----- Exercise data

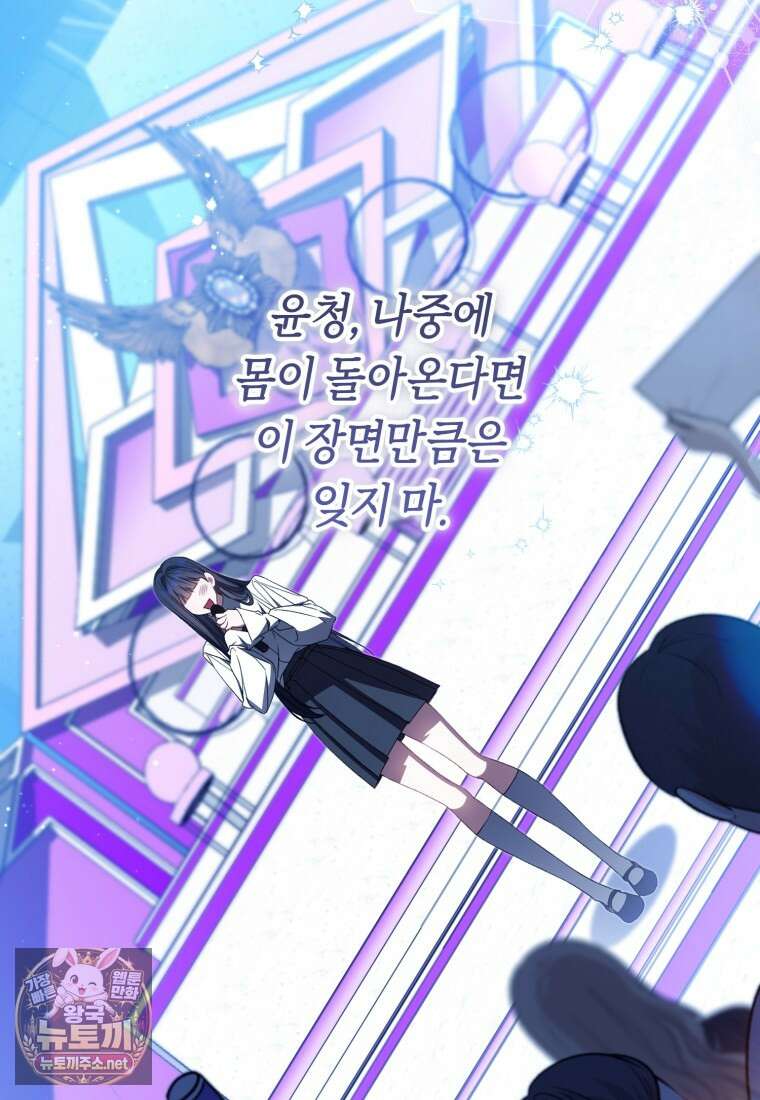 망할 운명의 걸그룹 리더가 되었습니다 50화 66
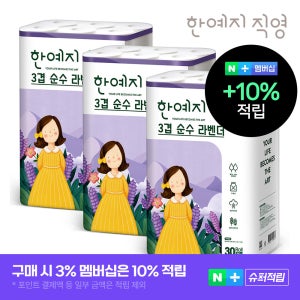 한예지 천연펄프 3겹 순수 라벤더 두루마리 휴지 화장지 25m, 30롤, 3팩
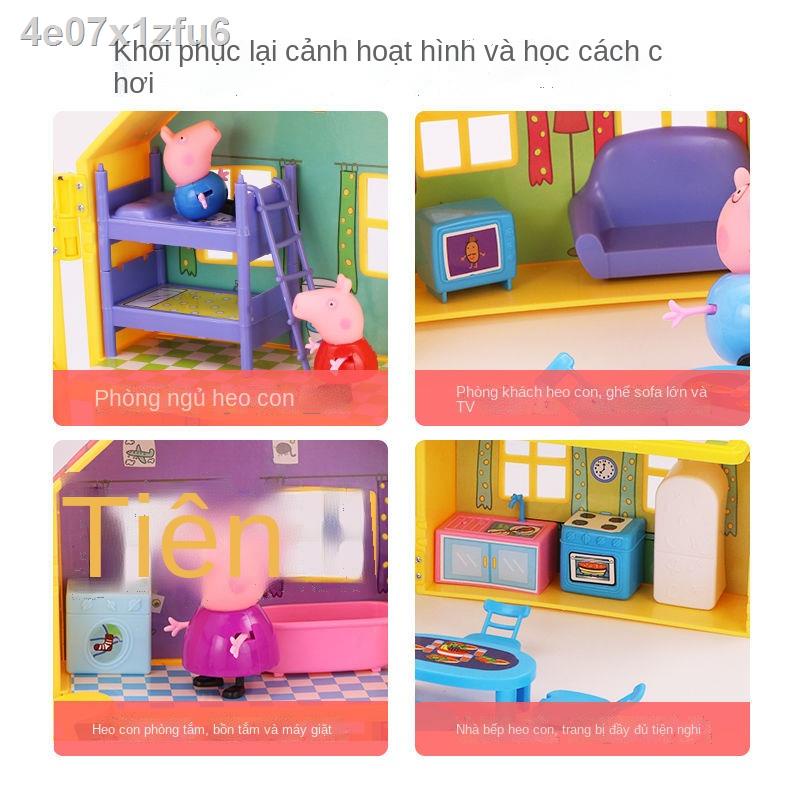 ❈ ✖ ❁▦Đồ chơi Peppa Pig Little Một gia đình bốn người Nhà trẻ em đầy đủ nhân vật Bộ cô gái xe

----------

▶ [Brief]:
Without including any picture, repeat the data exactly.

▶ [Written reply]:
 망할 운명의 걸그룹 리더가 되었습니다 50화 66
 한예지 천연펄프 3겹 순수 라벤더 두루마리 휴지 화장지 25m, 30롤, 3팩
 ❈ ✖ ❁▦Đồ chơi Peppa Pig Little Một gia đình bốn người Nhà trẻ em đầy đủ nhân vật Bộ cô gái xe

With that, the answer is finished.